The Mudcat Café TM
Thread #12759   Message #3057855
Posted By: Artful Codger
20-Dec-10 - 11:19 AM
Thread Name: HTML Practice Thread
Subject: RE: Input conversion
Now, John contends that only a few users (like Amos) are entering text which will misdisplay. As a Mac user, with different native codepage mappings from Windows users, I know this to be false. I see many pages where folks are posting raw 8-bit characters instead of escaped characters, and the result is munged text to non-Windows users (or users in different locales). I don't know when the most recent auto-conversion changes were implemented, but within the last month or so I have seen postings entered in Cyrillic which were not converted to proper escapes. Presumably, if they had been received as Unicode, they would have been (like the fourth character in my test). And presumably they appeared correct to the poster, both in the input box before posting and in the thread after posting.

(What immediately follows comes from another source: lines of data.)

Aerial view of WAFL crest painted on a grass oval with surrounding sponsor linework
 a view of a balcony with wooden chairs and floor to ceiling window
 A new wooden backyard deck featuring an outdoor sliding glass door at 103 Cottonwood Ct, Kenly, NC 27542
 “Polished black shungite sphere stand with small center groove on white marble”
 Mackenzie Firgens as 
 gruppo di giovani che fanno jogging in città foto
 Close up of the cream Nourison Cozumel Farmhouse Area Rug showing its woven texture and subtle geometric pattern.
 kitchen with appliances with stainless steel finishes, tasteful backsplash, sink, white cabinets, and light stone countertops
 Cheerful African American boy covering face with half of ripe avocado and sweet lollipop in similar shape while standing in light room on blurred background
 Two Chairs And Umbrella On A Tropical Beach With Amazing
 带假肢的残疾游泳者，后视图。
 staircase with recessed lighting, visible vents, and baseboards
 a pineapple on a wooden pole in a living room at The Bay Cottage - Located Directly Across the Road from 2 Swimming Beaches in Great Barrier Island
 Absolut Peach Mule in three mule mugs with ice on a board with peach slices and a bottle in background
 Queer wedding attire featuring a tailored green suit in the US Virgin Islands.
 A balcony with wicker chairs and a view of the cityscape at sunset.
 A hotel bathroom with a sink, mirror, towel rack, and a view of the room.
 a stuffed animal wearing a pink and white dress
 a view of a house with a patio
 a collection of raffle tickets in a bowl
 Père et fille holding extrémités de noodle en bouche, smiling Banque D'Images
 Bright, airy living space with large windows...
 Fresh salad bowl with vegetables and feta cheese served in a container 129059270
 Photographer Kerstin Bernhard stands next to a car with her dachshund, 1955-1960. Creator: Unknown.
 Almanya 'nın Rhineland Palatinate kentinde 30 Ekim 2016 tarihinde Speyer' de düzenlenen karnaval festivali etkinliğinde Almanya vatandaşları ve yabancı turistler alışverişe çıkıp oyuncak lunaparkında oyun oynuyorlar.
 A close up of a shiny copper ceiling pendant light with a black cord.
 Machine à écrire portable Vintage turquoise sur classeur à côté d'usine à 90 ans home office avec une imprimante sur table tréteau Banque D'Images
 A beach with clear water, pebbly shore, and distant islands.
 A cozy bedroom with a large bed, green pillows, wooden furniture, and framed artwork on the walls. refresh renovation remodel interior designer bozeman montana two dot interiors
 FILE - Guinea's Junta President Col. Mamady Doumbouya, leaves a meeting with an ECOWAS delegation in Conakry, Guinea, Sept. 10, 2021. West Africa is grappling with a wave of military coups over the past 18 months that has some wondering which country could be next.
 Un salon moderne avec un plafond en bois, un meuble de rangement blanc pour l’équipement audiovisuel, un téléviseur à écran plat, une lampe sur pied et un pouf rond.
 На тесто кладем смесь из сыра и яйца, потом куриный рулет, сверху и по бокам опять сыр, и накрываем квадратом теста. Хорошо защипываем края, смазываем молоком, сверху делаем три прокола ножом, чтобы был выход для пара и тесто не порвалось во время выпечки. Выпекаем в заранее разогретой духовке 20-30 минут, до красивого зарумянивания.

Conclusion: what YOU see (as an American or English Windows user), even in preview, is not necessarily what others will see. And a quick peek at source views will bear out what I'm saying. If it ain't escaped and it ain't 7-bit ASCII, it ain't right.

That said, why would text arrive natively encoded, in this age where Unicode transfer is the preferred method? I've got some ideas, but I don't have time to present them now.